Michigan Lupus Foundation

06/03/2026

We want to recognize and sincerely thank Moe's Warriors for their incredible fundraising efforts in support of the Michigan Lupus Foundation! During Lupus Awareness Month, Monique Kusky hosted two events and raised over $6,285 in support the foundation’s financial aid program. Donations make a world of difference in our fight against lupus and we couldn't do it without the help and generosity of the community. THANK YOU, MOE! 💜

06/02/2026

For anyone in Northern Michigan, we will be hosting a support group meet-up in Traverse City this Friday, June 5 at noon. Come to connect with others who understand the challenges of living with lupus, share experiences and build a supportive community. Register here: milupus.org/support-groups 💜

06/02/2026

Living with lupus can feel isolating at times, especially on the days where symptoms are debilitating.

If you’ve been feeling alone in your symptoms or experiences, we hope these coping thoughts bring a small reminder that your feelings are valid, your struggles are real and you are not alone in this journey.

We are thankful for these coping strategies created by Jen Gallagher!

06/02/2026

Thank you for helping us close out Lupus Awareness Month at the Lansing Walk for Lupus! It was inspiring to see our community come together to share experiences, honor loved ones, remember those we have lost and help shine a light on an often invisible illness. We are incredibly grateful to every participant, volunteer, donor and sponsor whose support made this meaningful event possible. Stay tuned for more photos and post-event info this week! 💜
(📸: Chelsey Johnson)

06/01/2026

We want to extend our gratitude to everyone who helped make lupus more visible throughout the month of May! Whether you attended an event, shared a post, wore purple, made a donation, volunteered your time or simply helped start a conversation about lupus, your support made a meaningful difference.

While Lupus Awareness Month may be ending, our work continues every day. Thank you for being part of this mission and for helping us move closer to a world with better treatments, stronger support systems and ultimately, a cure! 💜

05/29/2026

Thank you Mayor Andy Schor and the City of Lansing, Michigan - Government for proclaiming May as Lupus Awareness Month ahead of our Lansing Walk for Lupus! 💜

This proclamation helps shine a light on a chronic autoimmune disease that affects more than 20,000 Michiganders and over 1 million people nationwide. Together, we can make lupus visible and ensure that no one faces lupus alone.

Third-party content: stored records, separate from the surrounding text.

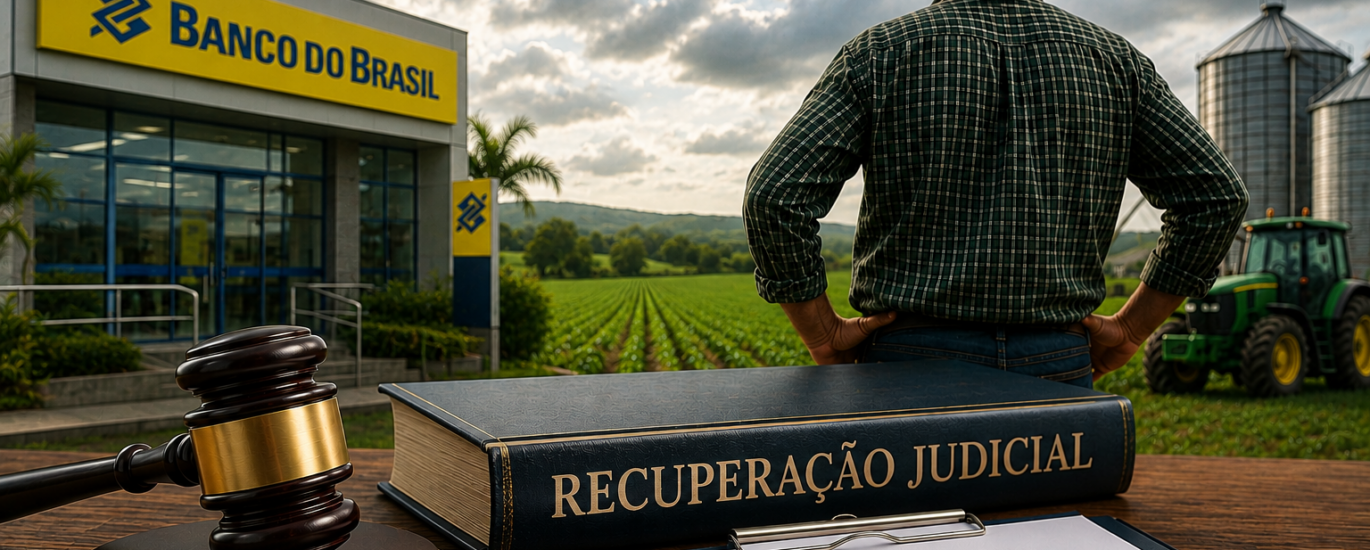 Recuperação Judicial Suspende a Execução Rural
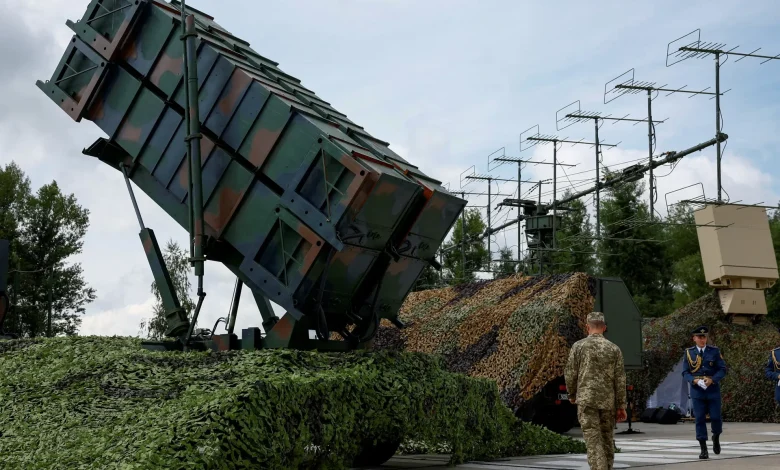 Ukraine receives Patriot systems to bolster air defences against Russia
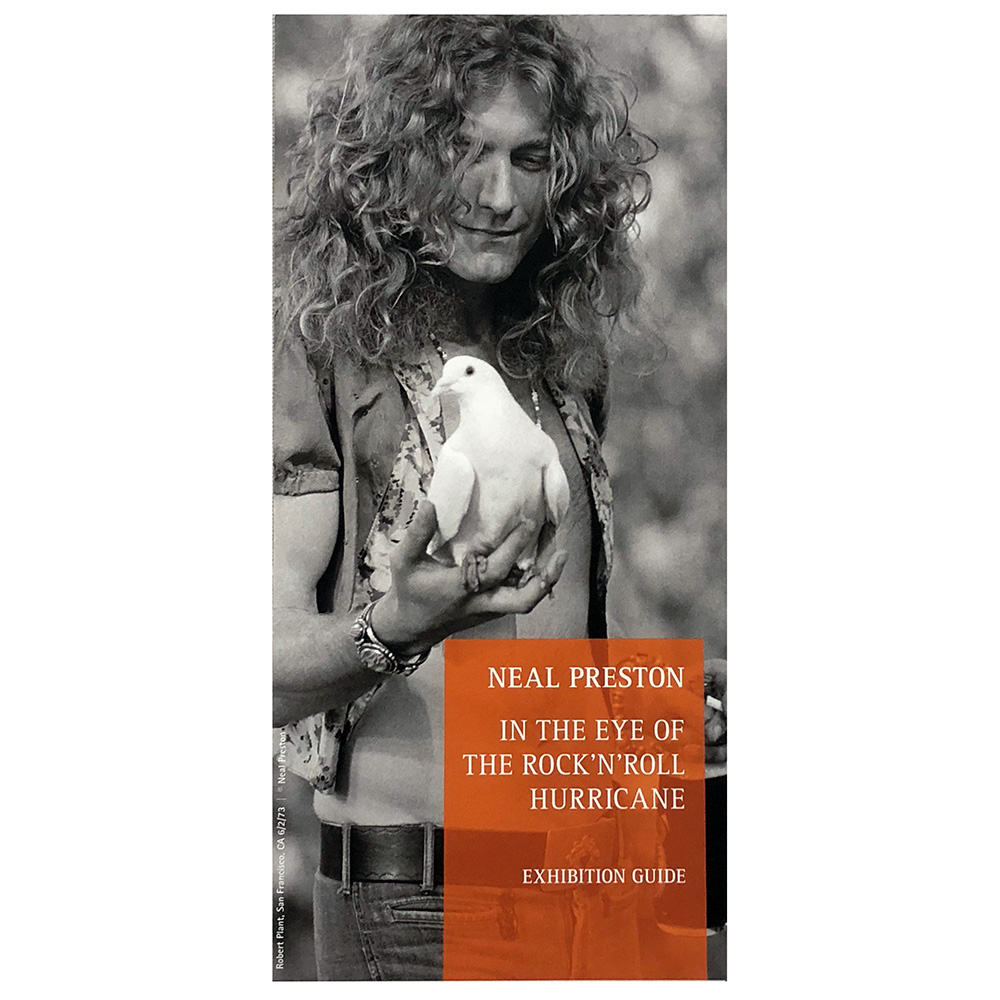 Neal Preston Exhibit <br>Exhibition guide (2015)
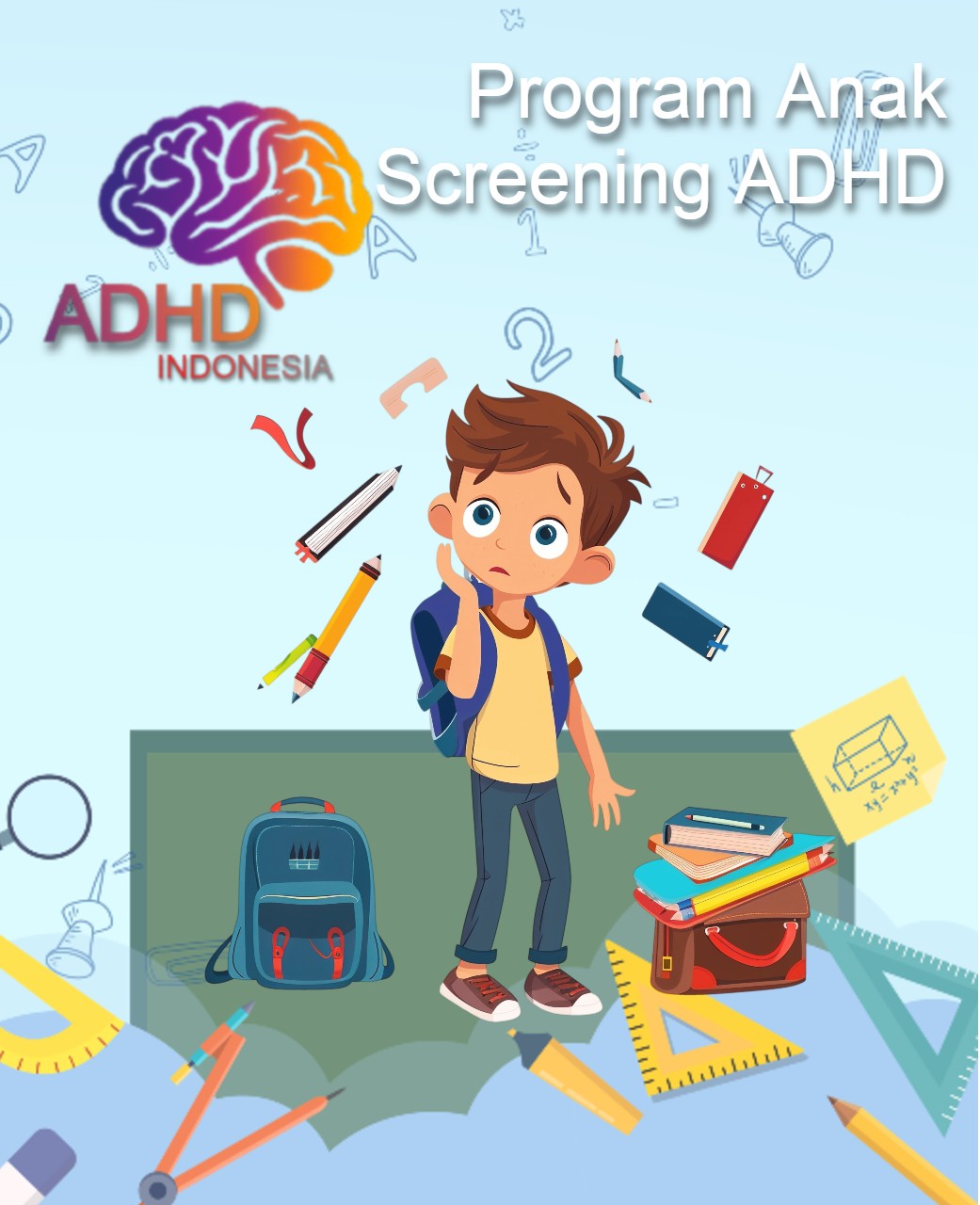 Program ADHD Indonesia Kabupaten Mempawah Screening ADHD Non-Diagnostik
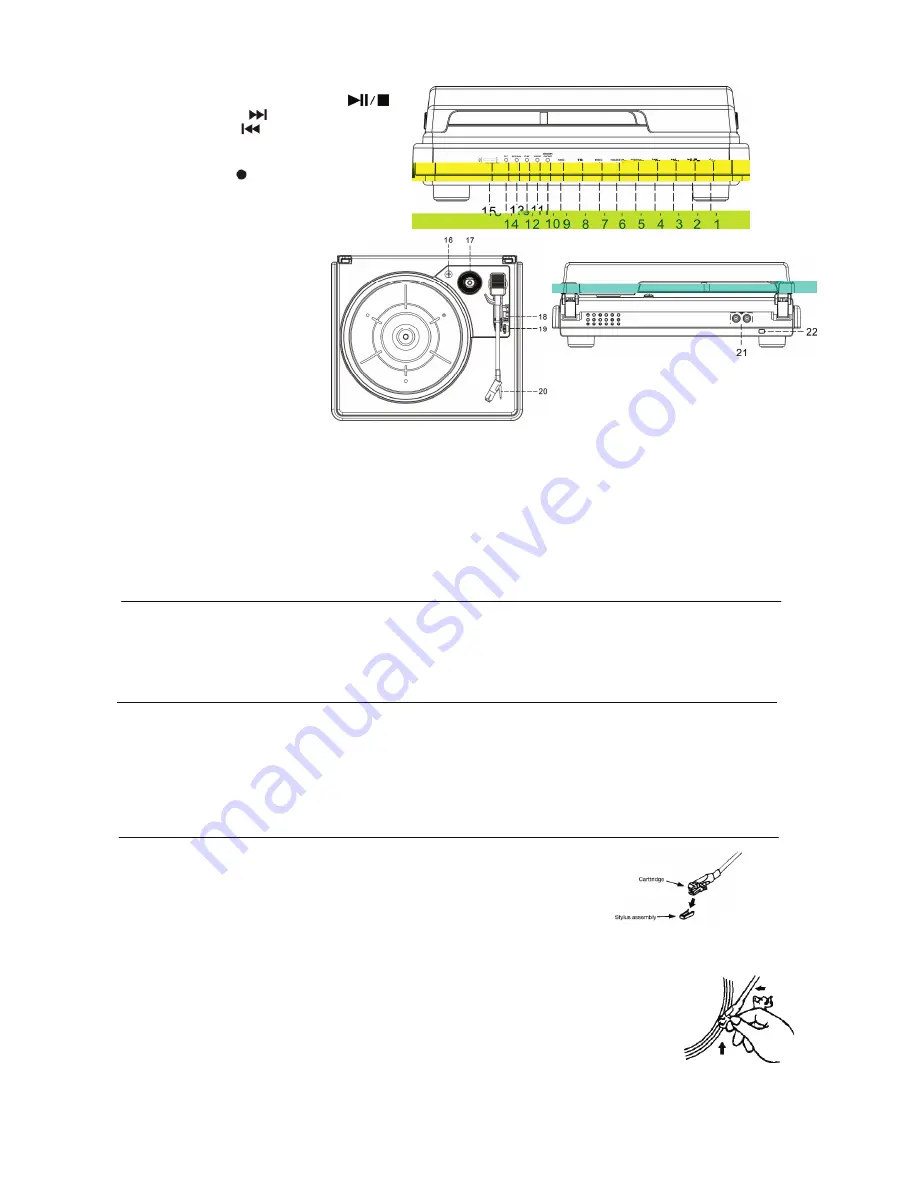 MPMan TR22USB Скачать руководство пользователя страница 28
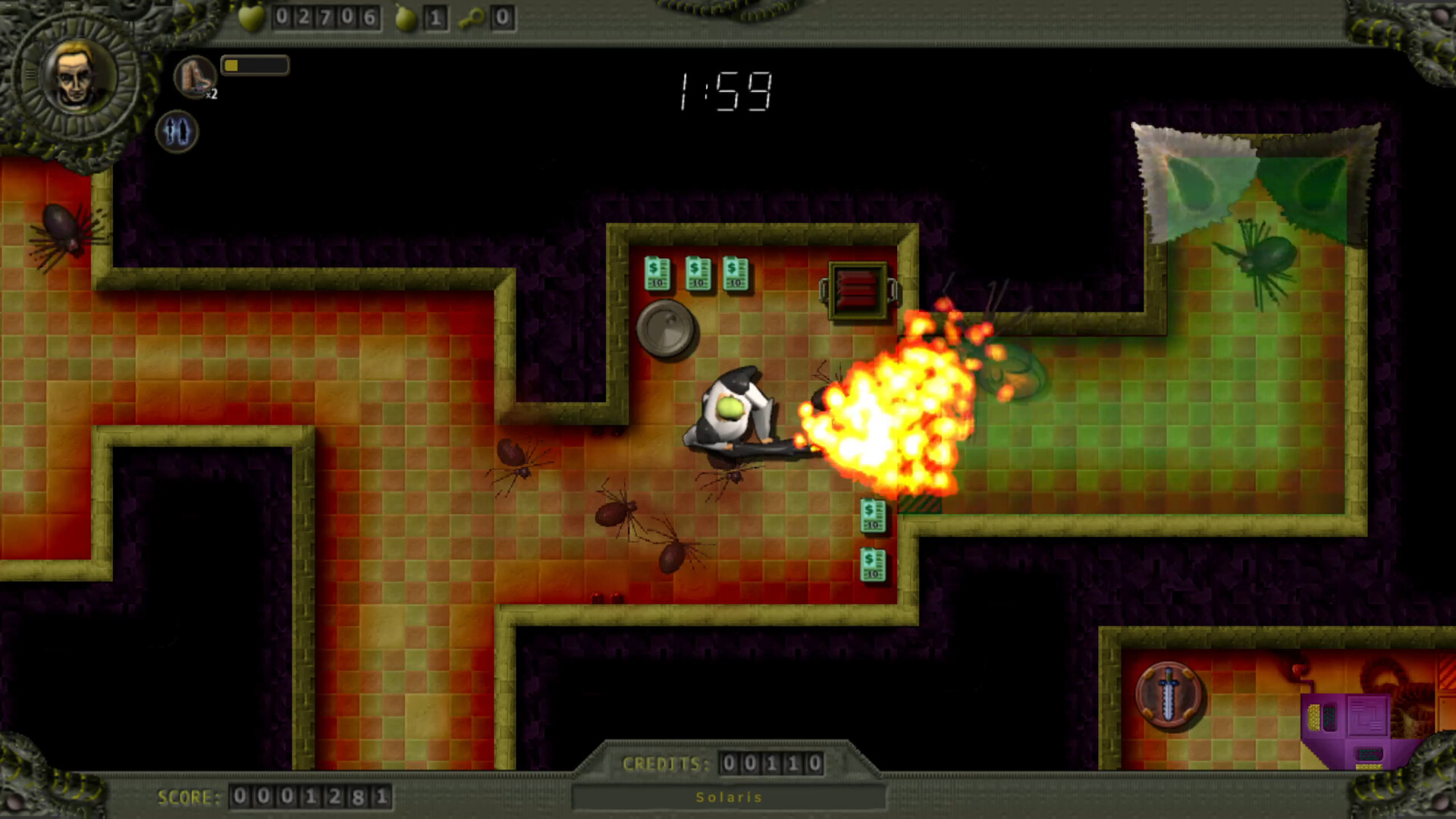 Hollow Ground screenshot 11
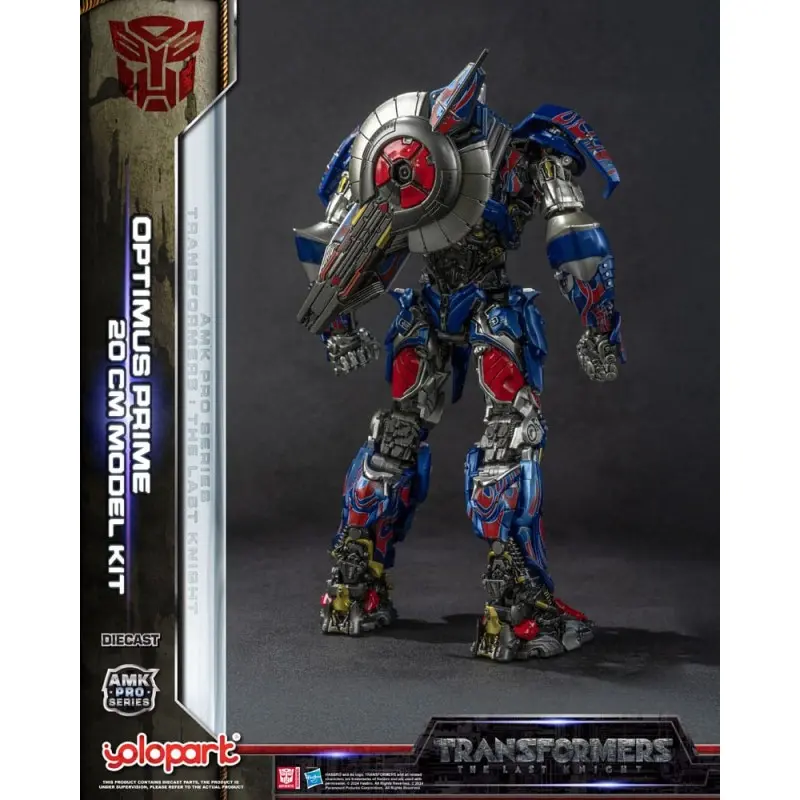 Transformers: The Last Knight figurine Plastic Model Kit AMK Pro Series Optimus Prime (Oversea Version) 20 cm | 4897131752139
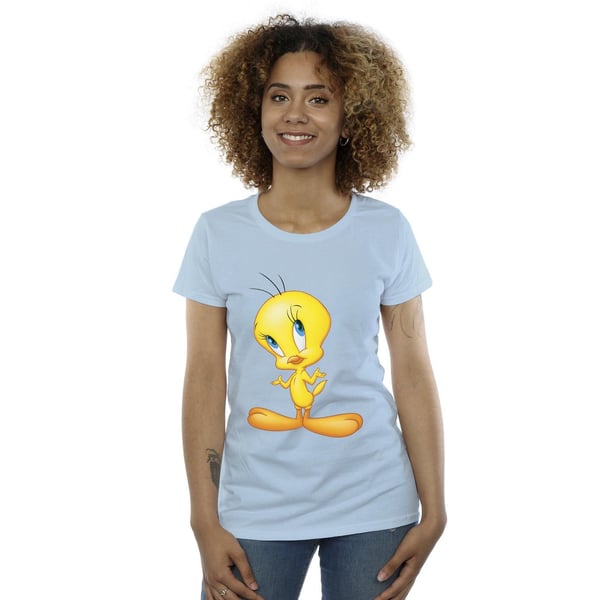 Looney Tunes Womens/Ladies Tweety Standing Cotton T-Shirt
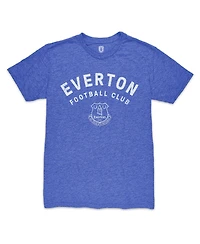 1863FC Men's Blue Everton Locale Vintage Tri-Blend T-Shirt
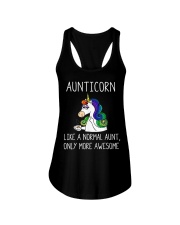 Aunticorn Ladies Flowy Tank thumbnail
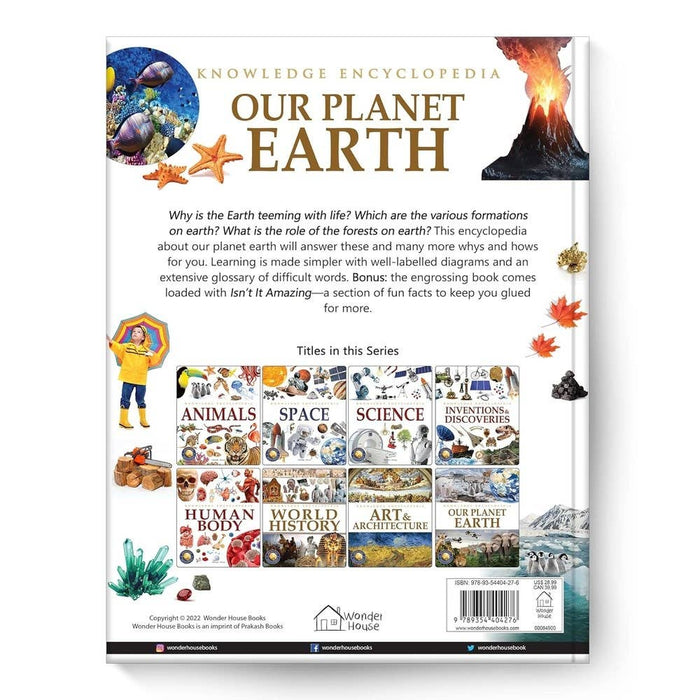 Our Planet Earth Knowledge Encyclopedia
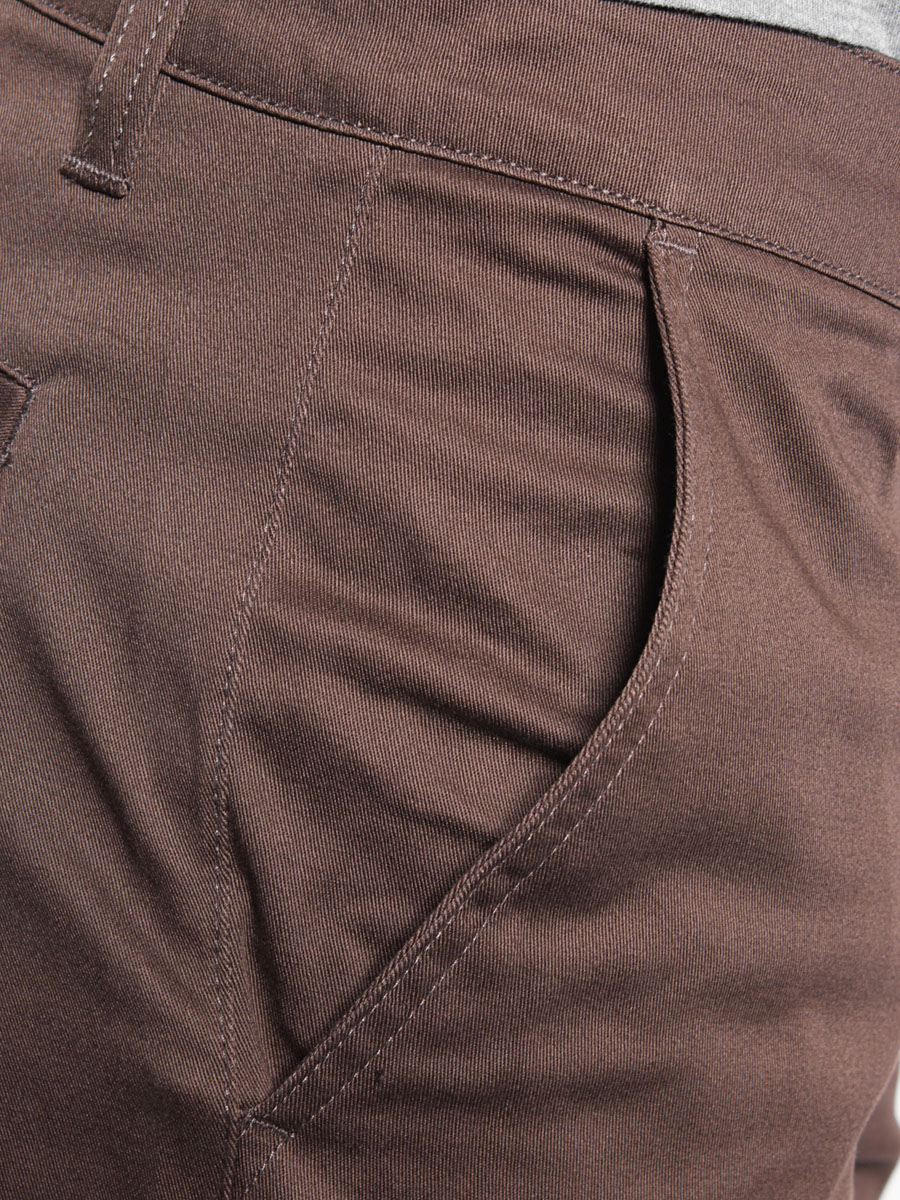 Spodnie Emerica HSU Carlin Chino (chocolate)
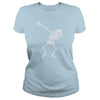 Image of Dabbing Skeleton Shirt Cute Halloween Dab Dance Gift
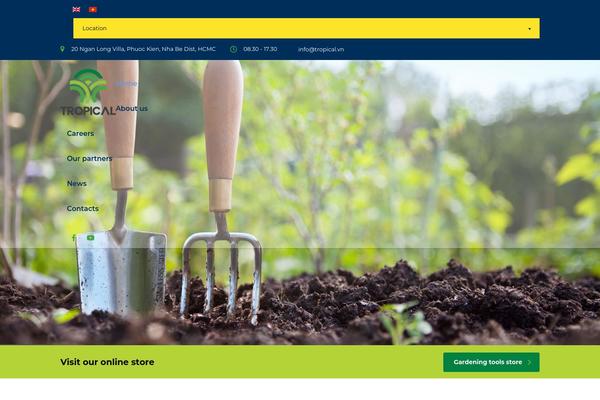 Consulting-child theme site design template sample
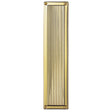 High quality image of Carlisle Brass - Queen Anne Finger Plate 305 x 70mm - Polished Brass | Sku. m1002 | Trade Door Handles.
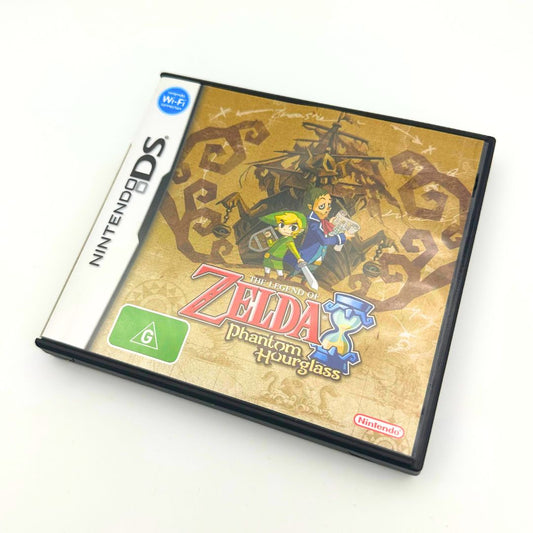 Nintendo DS Zelda and the Phantom Hourglass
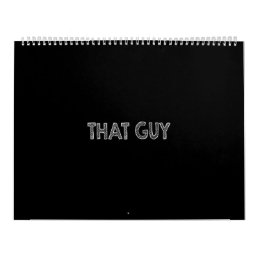 that guy calendar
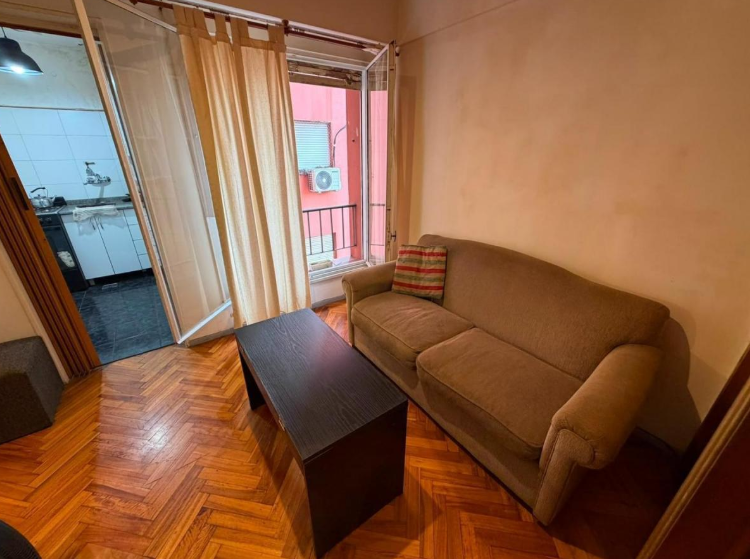 Monoambiente en boedo amoblado con todo - muy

Thank you, Lansing, for standing with the lupus community! 💜

05/28/2026

Over 20,000 Michiganders have been officially diagnosed with lupus and over 1 million people nationwide, yet lupus is remains widely misunderstood. Two-thirds of the US population does not know what lupus is, making it the Michigan Lupus Foundation’s mission to increase awareness, educate the public about symptoms, impact and realities of living with the disease. 💜

05/28/2026

"Living with lupus means carrying an invisible weight — the kind that doesn't show on the outside but is very real on the inside. It means living with a body that doesn't follow the rules, and an uncertainty that can be exhausting to hold alone." - Jen Gallagher

These coping thoughts were created by Jenn Gallagher, we invite you to save this post and use them when you find yourself struggling. You are not alone!

05/27/2026

Thank you for highlighting Lupus Awareness Month, WILX Studio 10! 💜

Learn how to support the Michigan Lupus Foundation at their annual walk on May 30th, 2026 at the Lansing Capitol Lawn.

05/27/2026

Good news for Michigan Medicine patients.

Michigan Medicine and Blue Cross Blue Shield of Michigan (BCBSM) announced they have reached a long-term contract ahead of the July 1 deadline.